The High Stakes of First Sentences


You probably already know that a story’s first line is of upmost importance. Not only does it set the tone and expectations for the rest of the novel, but the first line also introduces tension and hints at bigger things to come. Your story’s first line introduces readers to your world, and if readers don’t like what they read, they may not go to the next sentence.

That’s a lot of pressure for one line!

The best way to learn how to write phenomenal first sentences is to read a lot of first lines.

Here are some great examples:

“I tell Mama I waitress in the Village so she don’t have to cut me out of her heart.”

–Kiran Kaur Saini, “A Girl Like Elsie”

“In our family, there was no clear line between religion and fly fishing.”

–Norman Maclean, “A River Runs Through It”
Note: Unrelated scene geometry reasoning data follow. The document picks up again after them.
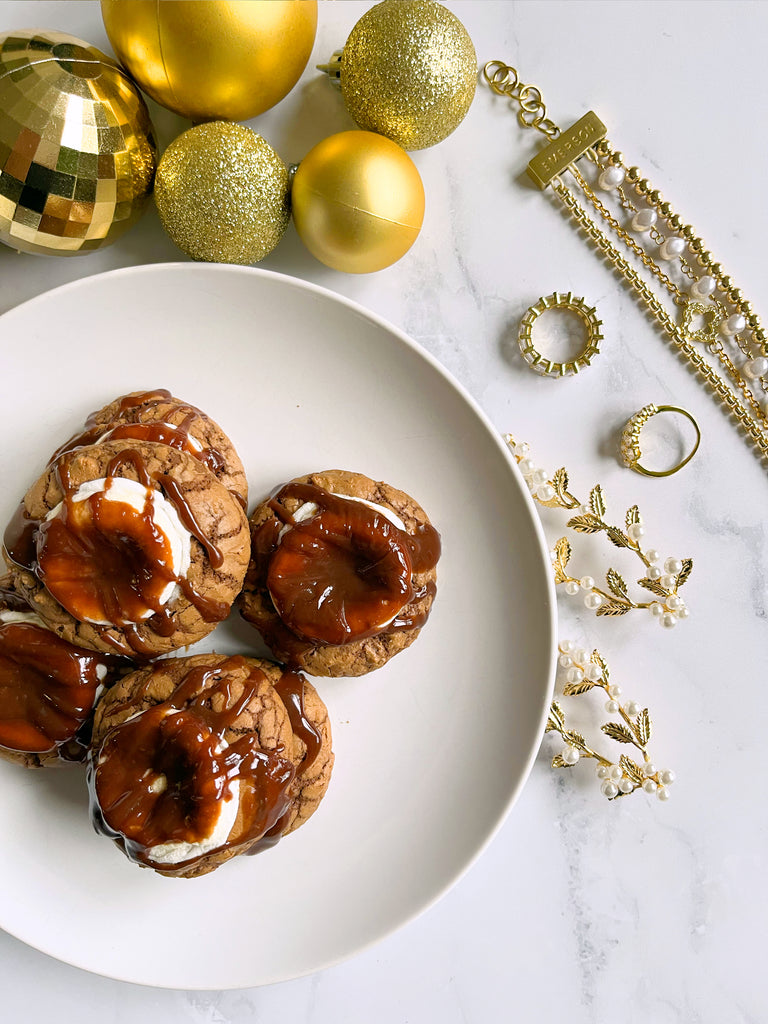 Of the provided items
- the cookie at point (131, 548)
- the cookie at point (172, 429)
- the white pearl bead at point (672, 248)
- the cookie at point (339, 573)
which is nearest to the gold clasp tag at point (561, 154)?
the white pearl bead at point (672, 248)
“In walks these three girls in nothing but bathing suits.”

–John Updike, “A & P”

“We were somewhere around Barstow on the edge of the desert when the drugs began to take hold.”

–Hunter Thompson, “Fear and Loathing in Las Vegas”
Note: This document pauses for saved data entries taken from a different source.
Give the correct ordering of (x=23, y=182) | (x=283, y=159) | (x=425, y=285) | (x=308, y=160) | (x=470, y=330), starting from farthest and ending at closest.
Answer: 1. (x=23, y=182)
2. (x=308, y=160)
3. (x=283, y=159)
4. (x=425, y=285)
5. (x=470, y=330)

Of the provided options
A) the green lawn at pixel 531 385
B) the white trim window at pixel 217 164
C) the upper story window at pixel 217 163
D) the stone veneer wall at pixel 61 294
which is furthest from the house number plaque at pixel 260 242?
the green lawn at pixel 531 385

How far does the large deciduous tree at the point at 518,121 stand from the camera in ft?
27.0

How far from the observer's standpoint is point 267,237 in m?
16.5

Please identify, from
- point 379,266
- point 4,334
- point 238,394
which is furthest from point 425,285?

“There are cavemen in the hedges again.”

–Stacey Richter, “The Cavemen in the Hedges”

The trick with first sentences is to start with the stakes high and then keep moving up. Grab readers from the get go and then don’t let them go!

What are some great first sentences you know of?
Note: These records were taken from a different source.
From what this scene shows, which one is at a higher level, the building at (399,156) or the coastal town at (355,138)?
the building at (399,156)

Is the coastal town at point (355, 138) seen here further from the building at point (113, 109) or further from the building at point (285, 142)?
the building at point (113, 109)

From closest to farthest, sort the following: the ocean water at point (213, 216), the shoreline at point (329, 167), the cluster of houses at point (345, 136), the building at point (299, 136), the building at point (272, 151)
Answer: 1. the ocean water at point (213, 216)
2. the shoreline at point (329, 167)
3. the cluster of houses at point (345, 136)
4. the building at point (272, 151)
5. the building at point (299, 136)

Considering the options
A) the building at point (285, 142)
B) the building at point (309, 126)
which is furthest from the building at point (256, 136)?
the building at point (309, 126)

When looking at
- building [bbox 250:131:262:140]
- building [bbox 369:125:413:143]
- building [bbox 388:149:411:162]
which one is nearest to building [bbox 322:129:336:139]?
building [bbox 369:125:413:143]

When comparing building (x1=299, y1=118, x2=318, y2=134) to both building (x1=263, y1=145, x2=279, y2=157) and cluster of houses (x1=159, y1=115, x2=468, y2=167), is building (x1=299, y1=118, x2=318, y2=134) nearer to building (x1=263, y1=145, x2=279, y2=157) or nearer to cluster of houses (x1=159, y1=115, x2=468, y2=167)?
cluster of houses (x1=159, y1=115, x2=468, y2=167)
(Photo courtesy of Keith Williams.)

1 thought on “The High Stakes of First Sentences

  1. Bruce Rowe

    Best first sentence IMHO is the following from Toni Morrison’s “Paradise” (1997):

    “They shoot the white girl first.”

    Six words that make everyone want to finish at least the first page if not the first chapter or the whole book. Look at the number of questions it forces us to ask: Who are “They”? What is going on? “First” means they shoot at least one other person: who? How many? (Again, what is going on??) Why “girl”? How old? And why is her race important?

    I teach comp and creative writing and I use this sentence and the first sentences of Orwell’s “”1984” and his essay “The Lion and the Unicorn” (1941):

    “As I write, highly civilized people are flying overhead, trying to kill me.”